Selon l’organisme officiel, l’emploi français ne souffrira pas, enfin, peu, des robots. Pensez donc, 10 % seulement des actifs se trouveront « très exposés » aux transformations attendues dans la technologie. En clair, le chômage les guette. Au fait, que représente cette proportion qui se veut rassurante ? Plus de 2,5 millions de postes de travail, pas moins ! Lesquels s’ajouteront aux millions de chômeurs déjà existants… Si l’on va plus loin dans le rapport, on trouve un complément au sujet de la « révolution numérique » en marche. La moitié des emplois présents seront « impactés », car « susceptibles d’évoluer ». Vers du mieux ? L’énumération de quelques-uns desdits emplois s’avère éclairante : caissiers(ères), employés de restauration, agents d’exploitation des transports, agents d’entretien, etc., pour ne citer que des « métiers de service ».
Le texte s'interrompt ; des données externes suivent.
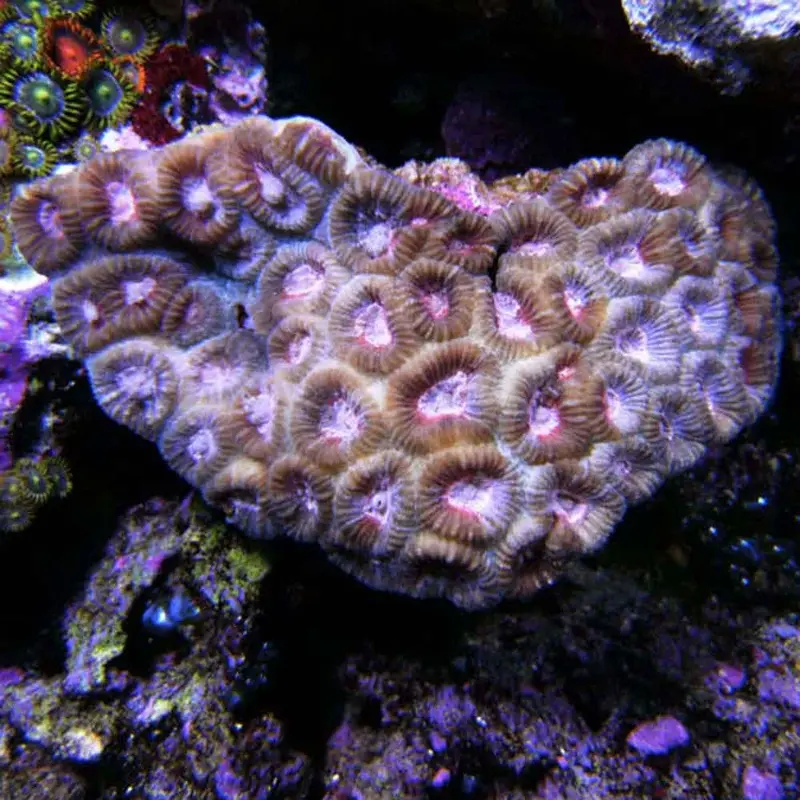 Ultra Aussie Moon Coral - Favia/Favites sp.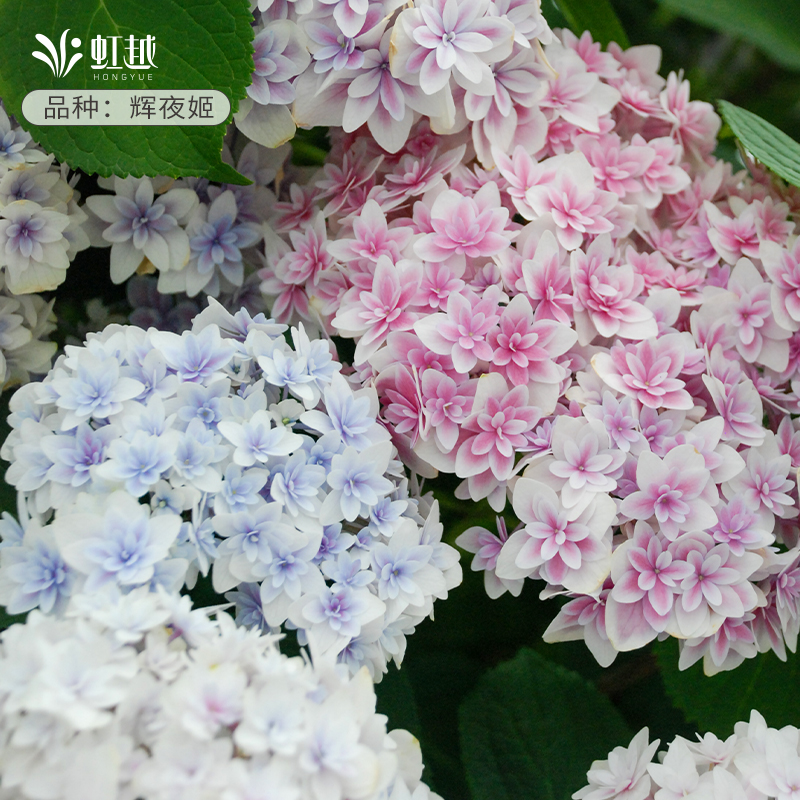 虹越辉夜姬绣球花苗盆栽大花阳台花期长庭院地栽多年生花园植物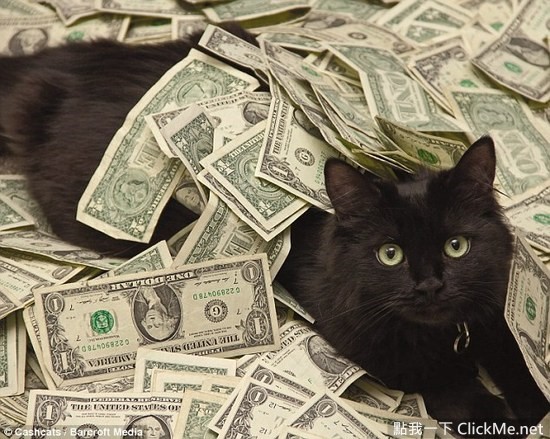 養貓咪之前一定要知道的事情！ 《養貓的花費》到底會花多少呢？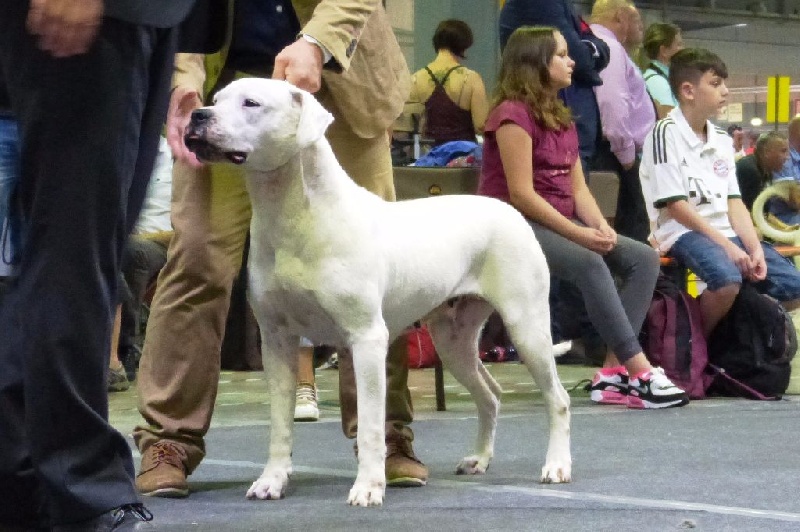 CH. Xana riofabar - 1ère EXCELLENTE- CACL - CACIB - BOS
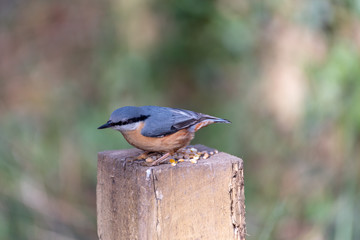 The Nuthatch - Wild Birds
LA MUTATION S’ÉTALE SOUS NOS YEUX
Or, il ne s’agit pas d’avenir, puisque la mutation s’opère déjà sous nos yeux. Prenons le personnel des caisses de la distribution. A côté de lui, fonctionnent des matériels depuis longtemps où ce sont les clients qui présentent leurs achats et les paient à des machines, et des mouvements sociaux viennent de se produire dans des hypermarchés concernés. Cette résistance des sacrifié(e)s s’appelle en jargon technocrate « absence d’acceptabilité sociale ». Il n’y a pas « évolution », mais remplacement total en cours. Dans d’autres branches, moins perceptibles par le public, le même phénomène est enclenché.
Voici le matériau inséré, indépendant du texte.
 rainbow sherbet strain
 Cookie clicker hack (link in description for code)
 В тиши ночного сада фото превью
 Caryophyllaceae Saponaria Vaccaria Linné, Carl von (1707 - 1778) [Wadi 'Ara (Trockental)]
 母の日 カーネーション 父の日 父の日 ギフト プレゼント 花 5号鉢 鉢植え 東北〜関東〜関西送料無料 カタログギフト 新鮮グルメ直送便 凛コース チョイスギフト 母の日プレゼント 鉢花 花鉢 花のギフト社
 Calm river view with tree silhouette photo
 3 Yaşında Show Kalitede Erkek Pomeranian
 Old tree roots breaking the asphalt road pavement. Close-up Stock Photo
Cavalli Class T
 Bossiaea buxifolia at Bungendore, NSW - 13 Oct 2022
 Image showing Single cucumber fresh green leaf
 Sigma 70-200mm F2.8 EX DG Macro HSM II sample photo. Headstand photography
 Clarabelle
Bien entendu, le COE tient prête un réplique face aux contestataires. On trouvera des modalités permettant « la mise en capacité des salariés à acquérir des compétences telles qu’ils conservent toujours une valeur ajoutée par rapport à des machines et des programmes informatiques toujours plus performants ». A la place desdits salariés, on ne serait pas rassuré. Quant à l’évocation à ce sujet de la révolution industrielle du XIXe siècle, qui triompha de toutes les révoltes ouvrières, rappelons qu’il fallut cinquante années de licenciements et de baisses salariales avant que les revenus se stabilisent et commencent à remonter. Femmes et enfants, recrutés massivement dans les fabriques, incarnaient les robots de l’époque. Par la suite, il y eut les fameux travailleurs immigrés (dès la fin du XIXe siècle).
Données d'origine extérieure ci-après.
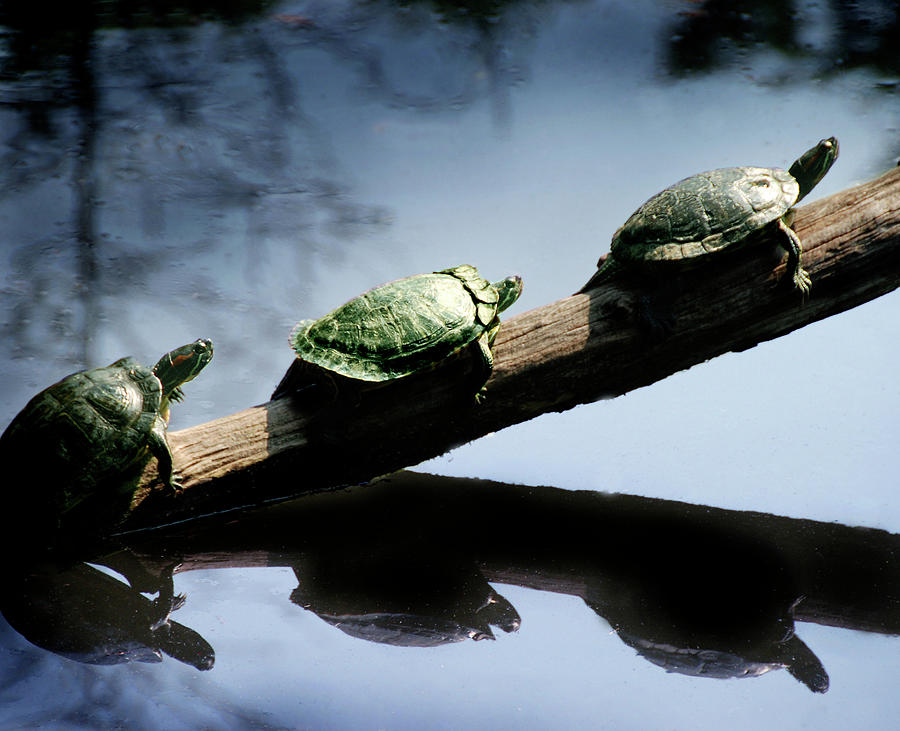 Three Turtles Photograph by © Rick Elkins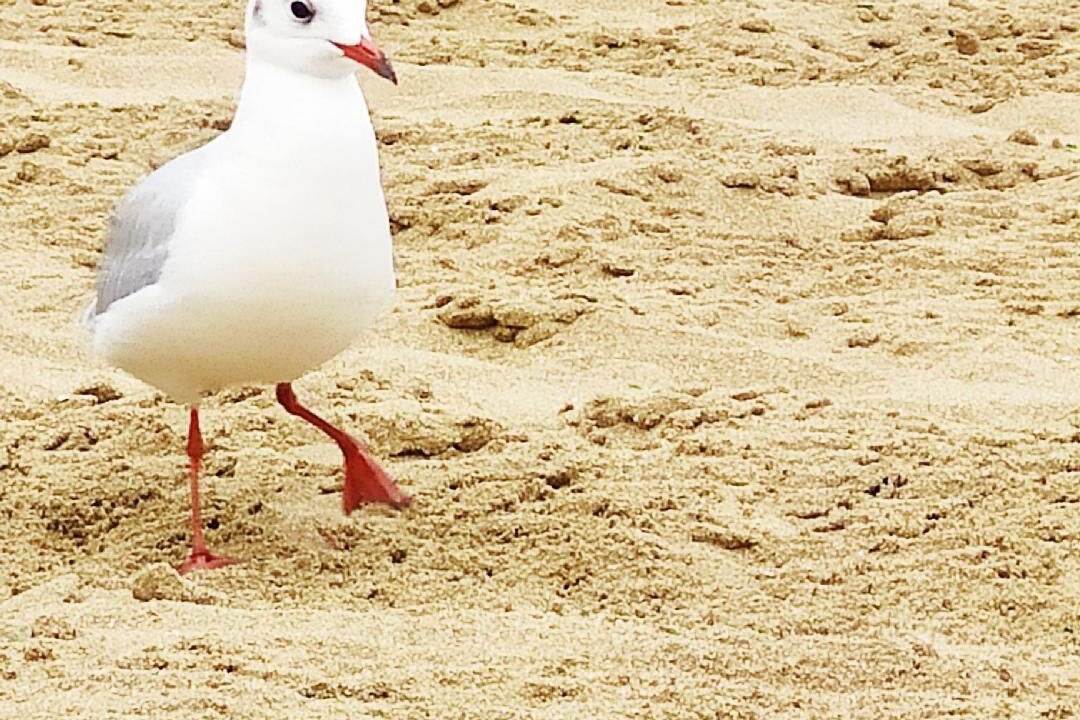 Photo of Others in Villers-sur-Mer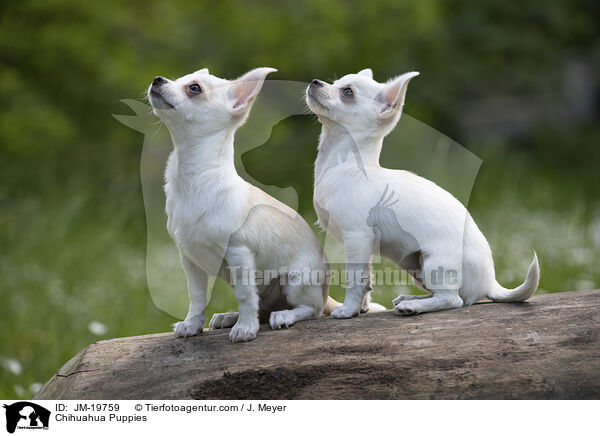 Chihuahua Welpen / Chihuahua Puppies / JM-19759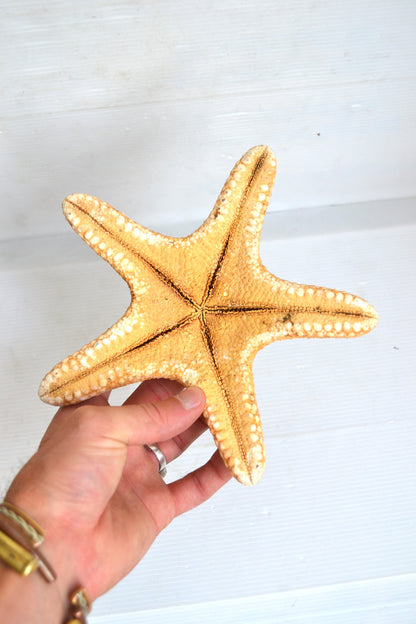 Étoile de mer
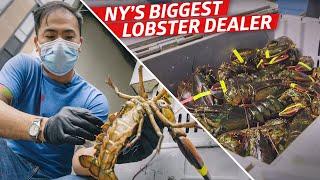 How Steven Wong Moves 80,000 Pounds of Lobster a Week — Vendors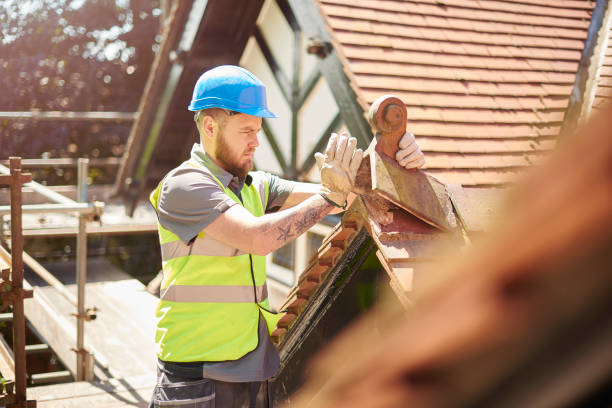 Best Roof Inspection Near Me  in Paw Paw, MI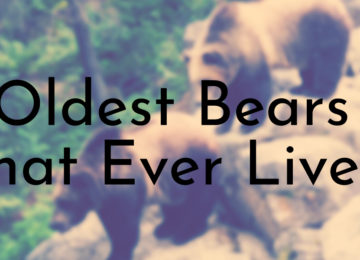 Oldest Bears that Ever Lived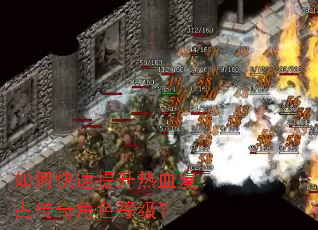 ��ο���������Ѫ���Ŵ����ɫ�ȼ���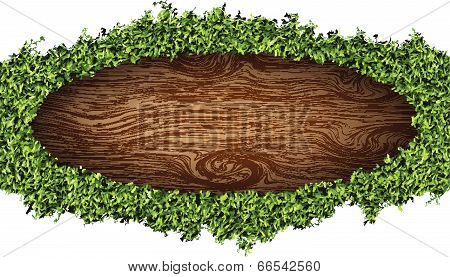 green background with leaves and grass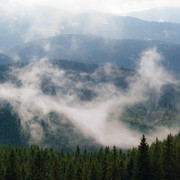 IPB Image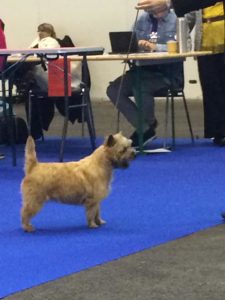 Championne cairn terrier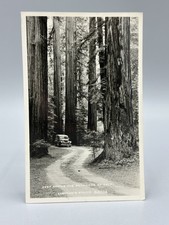 1955 EASTMAN STUDIO Redwoods of California RPPC Real PHOTO Postcard Vintage picture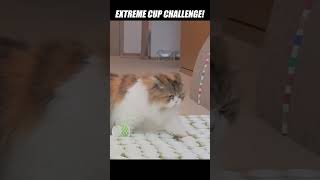 Cats and cups and cups and cups and cups kittisaurus cats cups challenge [upl. by Dusen]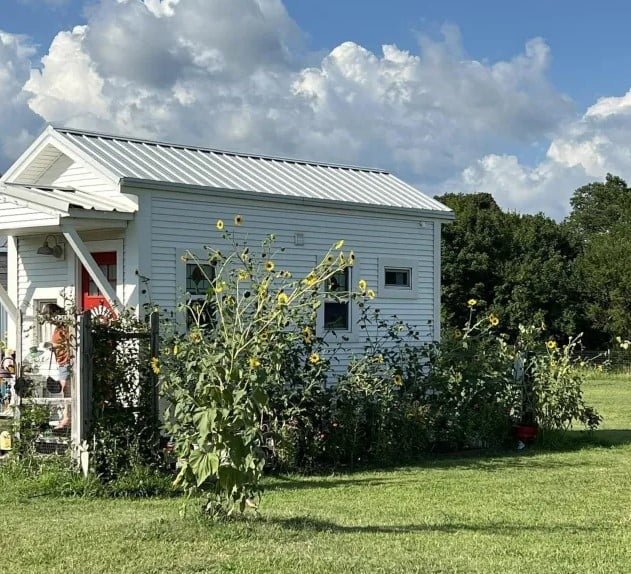 مجتمع عش الطائر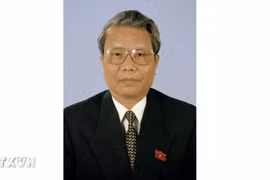 Former Politburo member and former State President Tran Duc Luong. (Photo: VNA)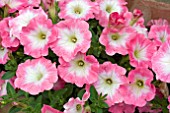 PETUNIA CORONA SALMON RIM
UNE TRANSFORMATION NÉCESSAIRE DES INDIVIDUS
Le COE signale que la diffusion des nouveautés tueuses d’emploi humain ira plus vite que prévue, en raison de la hausse des dépenses de transport entre pays émergents et Occident, et de leurs coûts de production. En guise de consolation, le COE prévoit des « retours d’activités » délocalisées vers le grand large depuis près de quarante années. Comme cette perspective est mise au conditionnel, il vaut mieux ne pas s’y fier. Même si le COE cite l’Amérique du Nord et la Grande-Bretagne. Fâcheusement, la politique de l’Union européenne tourne le dos à ce qu’il se passe dans les zones citées.
Quant aux emplois de remplacement à créer, on les trouve certes évoqués, mais en termes flous et dans un avenir lointain, puisque, par exemple, il faudra « adapter l’enseignement », ce qui est plus vite écrit que fait, et transformer les individus concernés du tout au tout. Derrière l’opacité des expressions, on devine qu’il s’agit de l’adaptation des salariés à la connectique, la robotique, l’impression 3D, « l’intelligence artificielle », etc. Et non pas l’inverse. L’apparition de l’informatique apparaîtra dérisoire en comparaison.
Les « lendemains qui chantent », chers aux nostalgiques du marxisme, le retour à l’âge d’or (lequel n’a jamais existé), il vaut mieux ne pas y compter. Seul un combat politique et culturel acharné nous permettrait d’éviter une catastrophe sociale laissant loin derrière elle la crise de 1929, et les dégâts humains de la marche vers la révolution industrielle.